*REQUIREMENT*
Of the lines below, write out exactly those from the line with "Building Photo - 1115 S Alamo St" through the line with "南非开普敦维多利亚阿尔弗雷德码头的水源保护区建筑图片素材", both included, and skip the rest.

*ENTRIES SUPPLIED*
==========
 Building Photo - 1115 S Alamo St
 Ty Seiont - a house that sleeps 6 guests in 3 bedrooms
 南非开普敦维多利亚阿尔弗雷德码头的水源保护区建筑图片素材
==========
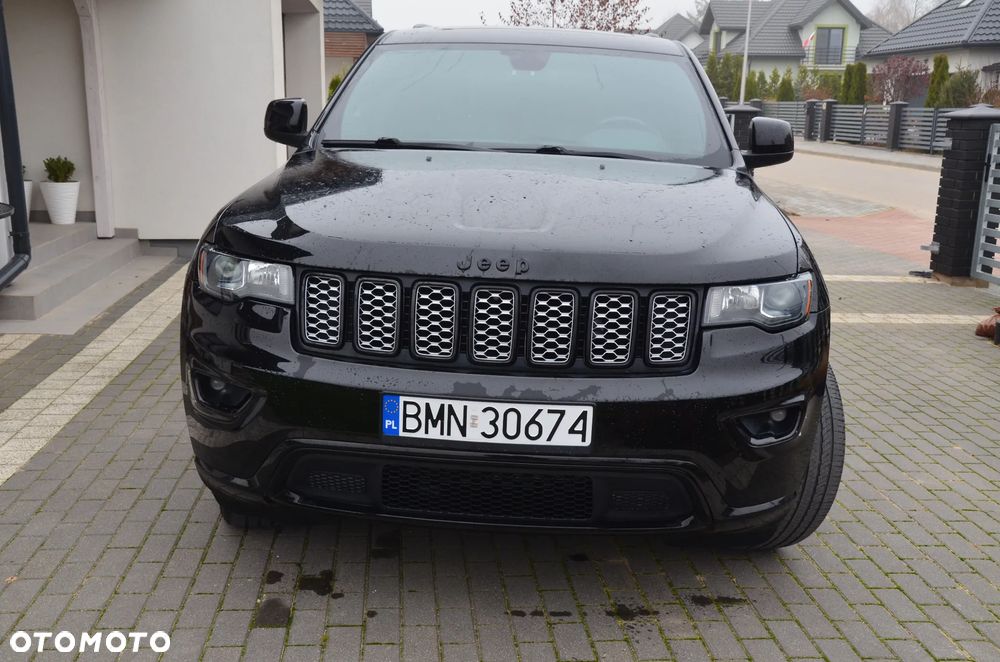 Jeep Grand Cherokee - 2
==========
*RESPONSE AREA*
 Building Photo - 1115 S Alamo St
 Ty Seiont - a house that sleeps 6 guests in 3 bedrooms
 南非开普敦维多利亚阿尔弗雷德码头的水源保护区建筑图片素材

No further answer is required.